WHAT THIS TASK INVOLVES: Copy, from the entries below, each line where the word "Medium" can be found.

:: SUPPLIED DATA

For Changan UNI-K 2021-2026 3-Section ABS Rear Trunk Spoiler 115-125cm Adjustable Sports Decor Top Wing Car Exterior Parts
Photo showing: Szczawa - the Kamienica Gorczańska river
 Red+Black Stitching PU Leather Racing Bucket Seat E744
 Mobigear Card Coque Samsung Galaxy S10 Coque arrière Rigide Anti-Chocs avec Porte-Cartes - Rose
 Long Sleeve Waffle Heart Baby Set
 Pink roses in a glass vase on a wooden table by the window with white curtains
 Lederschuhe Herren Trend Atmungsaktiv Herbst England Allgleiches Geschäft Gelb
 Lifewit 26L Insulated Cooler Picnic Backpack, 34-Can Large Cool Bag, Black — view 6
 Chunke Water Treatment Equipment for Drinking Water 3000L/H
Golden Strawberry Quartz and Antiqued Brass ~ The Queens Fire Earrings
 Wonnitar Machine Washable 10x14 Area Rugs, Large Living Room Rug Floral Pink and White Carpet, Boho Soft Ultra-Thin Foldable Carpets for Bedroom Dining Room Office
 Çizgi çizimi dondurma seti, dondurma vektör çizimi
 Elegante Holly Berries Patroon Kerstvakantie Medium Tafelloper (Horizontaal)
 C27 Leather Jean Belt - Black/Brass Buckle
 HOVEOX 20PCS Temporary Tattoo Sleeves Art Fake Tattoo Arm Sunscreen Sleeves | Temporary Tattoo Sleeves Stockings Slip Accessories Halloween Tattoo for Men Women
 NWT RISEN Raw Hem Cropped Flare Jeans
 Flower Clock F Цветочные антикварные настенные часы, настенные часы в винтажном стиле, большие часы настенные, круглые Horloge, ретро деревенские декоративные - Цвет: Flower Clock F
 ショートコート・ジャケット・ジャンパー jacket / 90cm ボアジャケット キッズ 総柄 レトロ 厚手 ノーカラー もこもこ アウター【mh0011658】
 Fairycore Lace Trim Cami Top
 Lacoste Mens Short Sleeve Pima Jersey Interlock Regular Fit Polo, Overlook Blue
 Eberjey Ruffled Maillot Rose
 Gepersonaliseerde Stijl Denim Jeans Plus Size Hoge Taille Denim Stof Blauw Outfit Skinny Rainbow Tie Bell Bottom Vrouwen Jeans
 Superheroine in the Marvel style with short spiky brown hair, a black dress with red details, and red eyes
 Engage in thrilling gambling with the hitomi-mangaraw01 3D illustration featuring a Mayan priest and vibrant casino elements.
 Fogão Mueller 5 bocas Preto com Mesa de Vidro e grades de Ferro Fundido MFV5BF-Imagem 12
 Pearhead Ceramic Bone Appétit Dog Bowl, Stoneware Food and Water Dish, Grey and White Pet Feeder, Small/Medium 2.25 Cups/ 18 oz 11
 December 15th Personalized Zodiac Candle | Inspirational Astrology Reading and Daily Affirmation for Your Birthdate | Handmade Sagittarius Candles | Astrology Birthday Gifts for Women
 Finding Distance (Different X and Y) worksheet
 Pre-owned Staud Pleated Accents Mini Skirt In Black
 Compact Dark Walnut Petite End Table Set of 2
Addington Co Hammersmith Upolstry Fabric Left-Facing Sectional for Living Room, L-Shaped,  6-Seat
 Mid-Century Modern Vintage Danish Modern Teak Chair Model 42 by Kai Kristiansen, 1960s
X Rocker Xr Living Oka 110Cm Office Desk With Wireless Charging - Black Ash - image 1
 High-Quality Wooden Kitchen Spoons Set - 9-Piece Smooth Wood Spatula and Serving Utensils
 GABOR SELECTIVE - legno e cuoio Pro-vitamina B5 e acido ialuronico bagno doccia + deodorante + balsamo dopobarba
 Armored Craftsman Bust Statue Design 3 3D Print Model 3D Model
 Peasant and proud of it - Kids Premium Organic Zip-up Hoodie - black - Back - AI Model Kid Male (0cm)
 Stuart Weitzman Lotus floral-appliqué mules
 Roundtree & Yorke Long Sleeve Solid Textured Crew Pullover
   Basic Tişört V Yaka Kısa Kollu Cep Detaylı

::::

SOLUTION TO THE PROBLEM:
 Elegante Holly Berries Patroon Kerstvakantie Medium Tafelloper (Horizontaal)
 Pearhead Ceramic Bone Appétit Dog Bowl, Stoneware Food and Water Dish, Grey and White Pet Feeder, Small/Medium 2.25 Cups/ 18 oz 11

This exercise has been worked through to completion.